In Tuscany they are known as cantuccini – often named after Florence’s neighbour and the city of their invention, Prato – but they are better known as biscotti (the general Italian word for ‘biscuits’) in the English-speaking world. The word biscotti comes from the fact that these biscuits are twice (‘bis’) cooked (‘cotto’), a technique that Pliny the Elder once said would make baked goods keep for centuries. They are first shaped into a sort of flat log, baked, then cut into slices and baked again. The double baking makes them durable, crunchy and perfect for dipping into vin santo or coffee.

Ingredients

Quantity Ingredient
125g whole almonds, chopped roughly in half
350g plain flour
200g sugar
1 teaspoon baking powder
A pinch salt
2 eggs
1 egg yolk, for glazing
30ml vin santo
1 tablespoon honey

Method

  1. Preheat the oven to 180°C.
  2. Place the almonds on a baking tray and toast for 10 minutes in the oven, then let them cool.
  3. Combine the dry ingredients in a large bowl. Make a well in the centre and crack the eggs in (reserve the extra yolk for glazing later). Add the vin santo and honey (warmed, if not runny enough) and beat the wet ingredients with a fork, slowly incorporating the dry ingredients around them until it becomes a dough. Add the almonds and continue mixing with your hands until the dough is well combined.
  4. Shape the dough into thin logs, about 2 cm high, 4 cm wide, and slightly flattened. Place on baking trays lined with baking paper, at least 5–8 cm apart.
  5. Beat the extra egg yolk and brush the tops and sides of the logs with the beaten egg. Bake in the oven at 180°C until golden, about 20–25 minutes. Turn the oven down to 130°C.
  6. When just cool enough to handle, slice the logs at a 45 degree angle into 1.5 cm slices (use a sharp, heavy kitchen knife that can easily chop through nuts).
  7. Place the cantuccini on their sides back onto the baking tray, and bake for a further 20 minutes or until crisp and dry to the touch (but not coloured).
  8. These biscuits keep well when stored in an airtight container – if they are not eaten all at once.

Variations

  • The recipe for cantuccini has thousands of variations. While the one I use is adapted from my mother-in- law’s recipe, it is quite different from the very first nineteenth-century recipe for biscotti di Prato, which included pine nuts and did not have any raising agents or butter.

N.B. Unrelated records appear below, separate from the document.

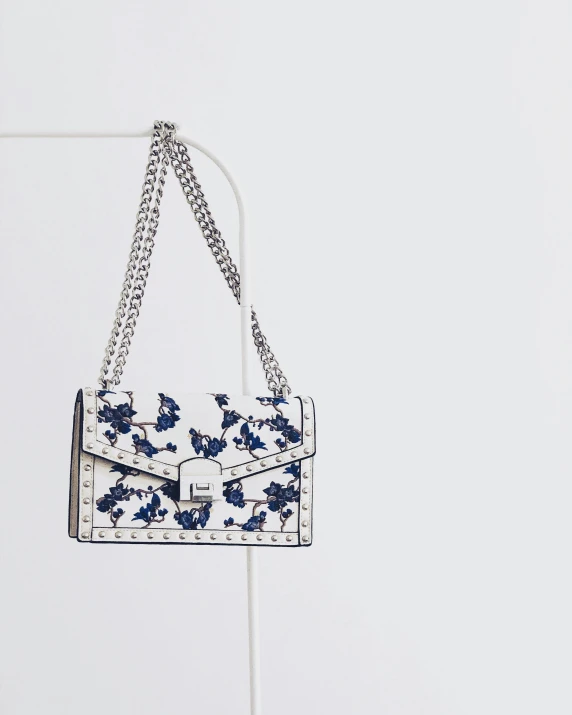 a white and blue purse sitting on top of a table, reddit, in front of white back drop, flowery, high resolution product photo, wearing studded leather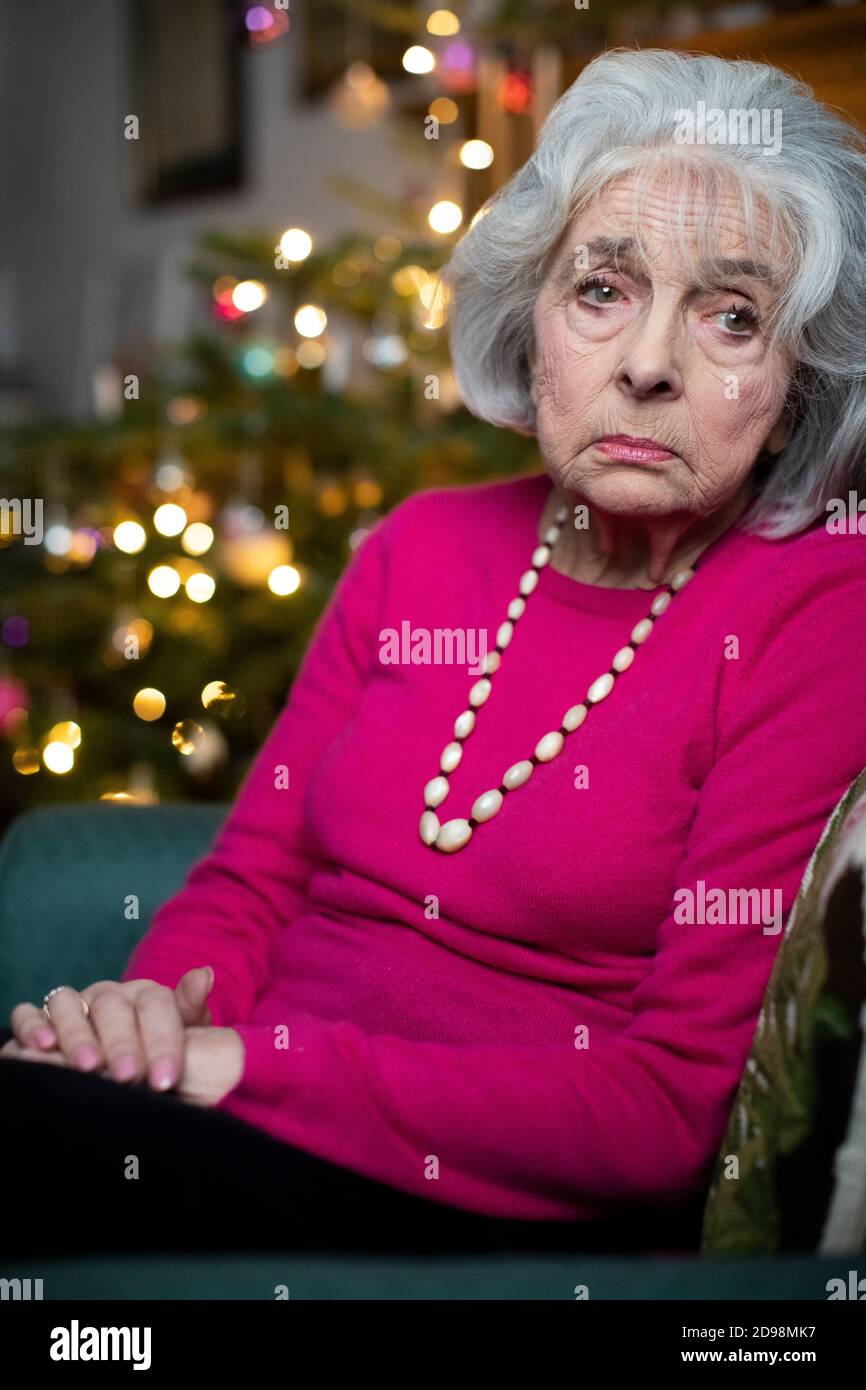 Sad And Lonely Senior Woman Unhappy About Spending Christmas At Home Alone Stock Photo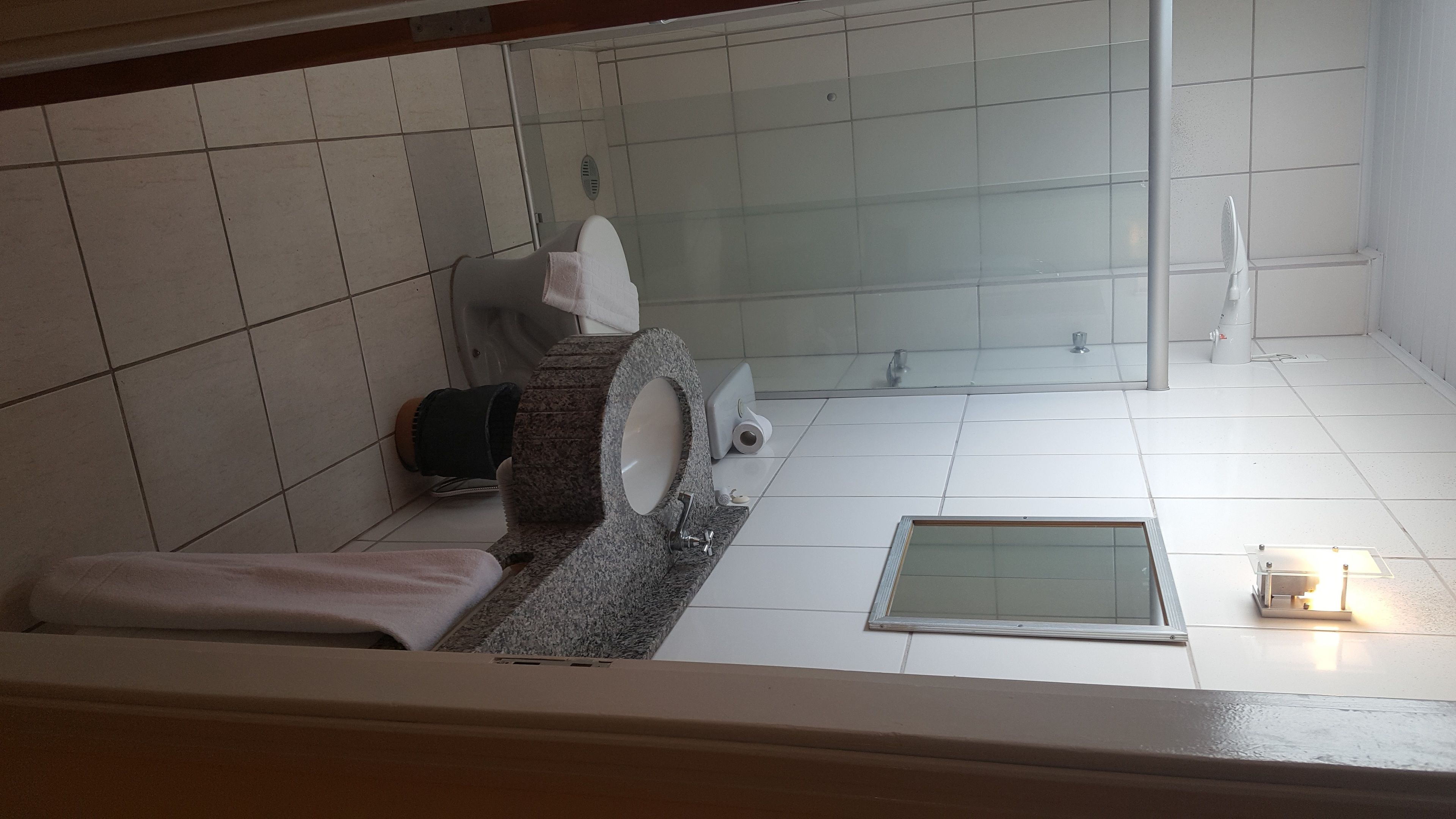 A bathroom with a toilet, sink, and shower.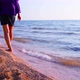 A Girl Walks Along the Coast Along the Edge of the Sea - VideoHive Item for Sale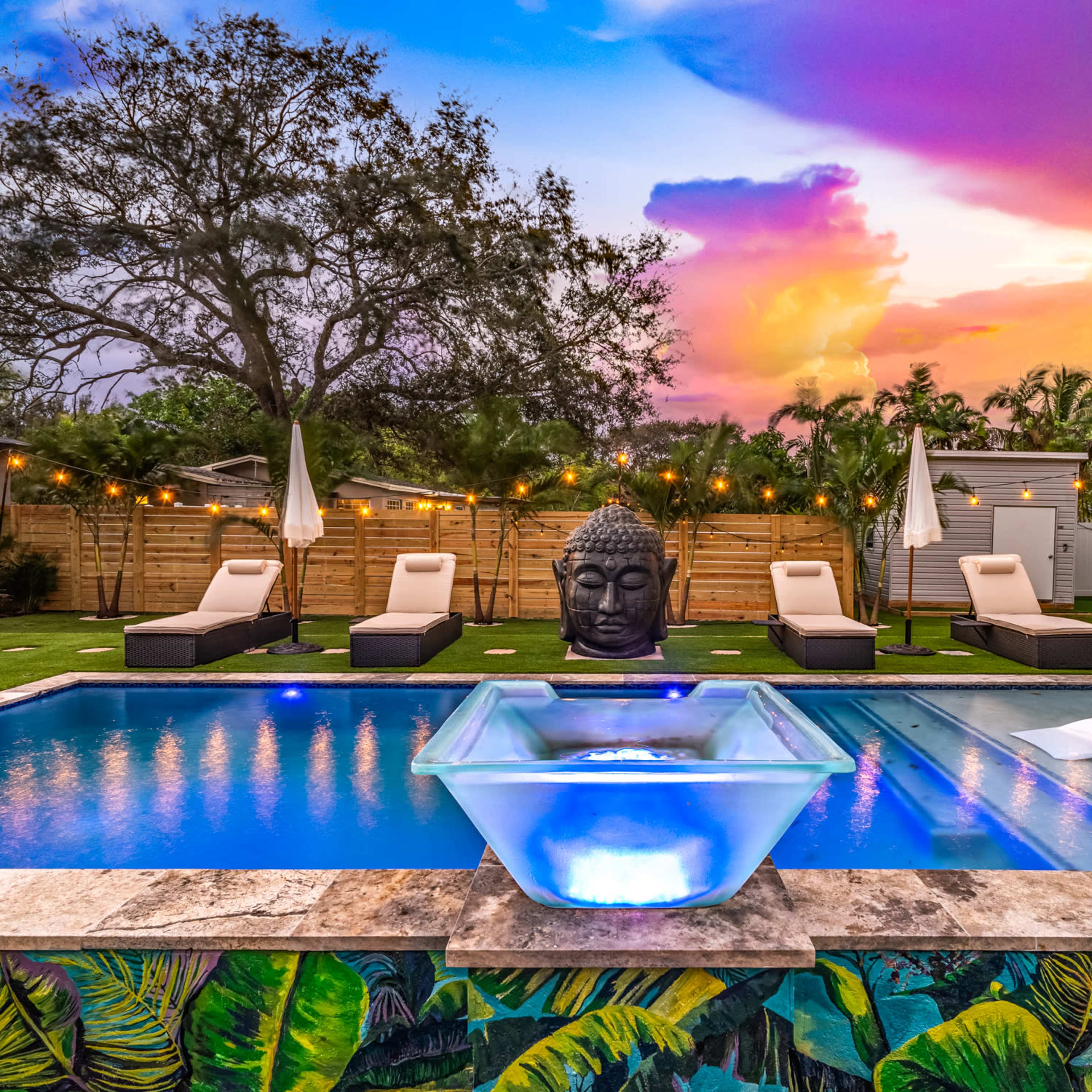A modern backyard features a swimming pool with a fountain, lounge chairs, a large Buddha statue, and vibrant sunset skies above.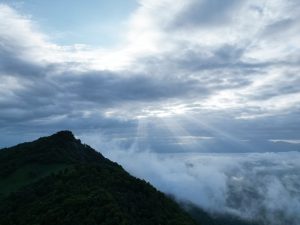 Sunbeams shining down through clouds onto mist and fog in a valley beyond a mountain. 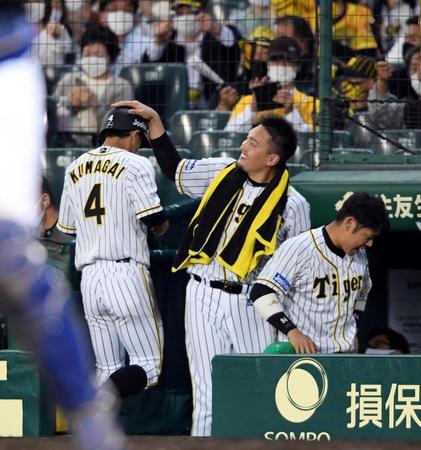 　７回、生還した阪神・熊谷敬宥を迎える阪神・秋山拓巳（撮影・山口登）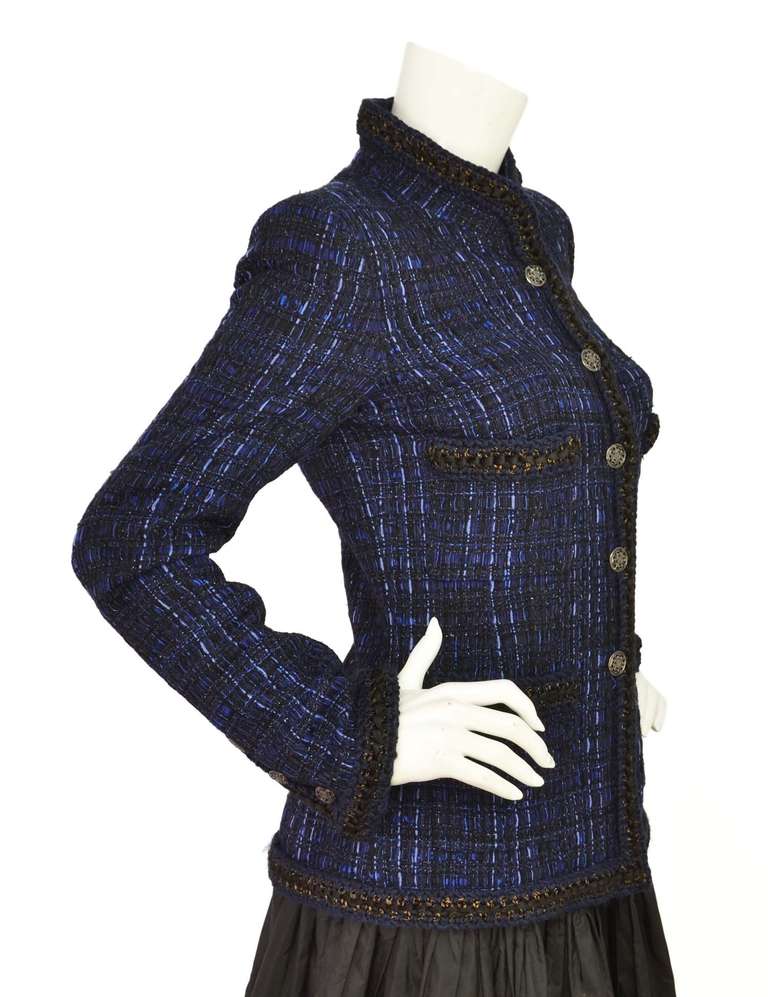 c.2010-2012
Beautiful tweed in shades of cobalt, navy, blue. and black.
Black and navy braided trim on collar, sleeves, hem, and pockets.
Five pewtertone buttons in front.
Three smaller buttons on either sleeve.
Black camelia print lining with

    If you do not have vin santo on hand, you could substitute another dessert wine or even rum. Otherwise, simply leave it out.

    You can replace the almonds with an equal amount of large chunks of dark chocolate. Leave the logs to cool completely before slicing and only do the second baking just before serving so you can serve the biscotti warm, with the chocolate just melting.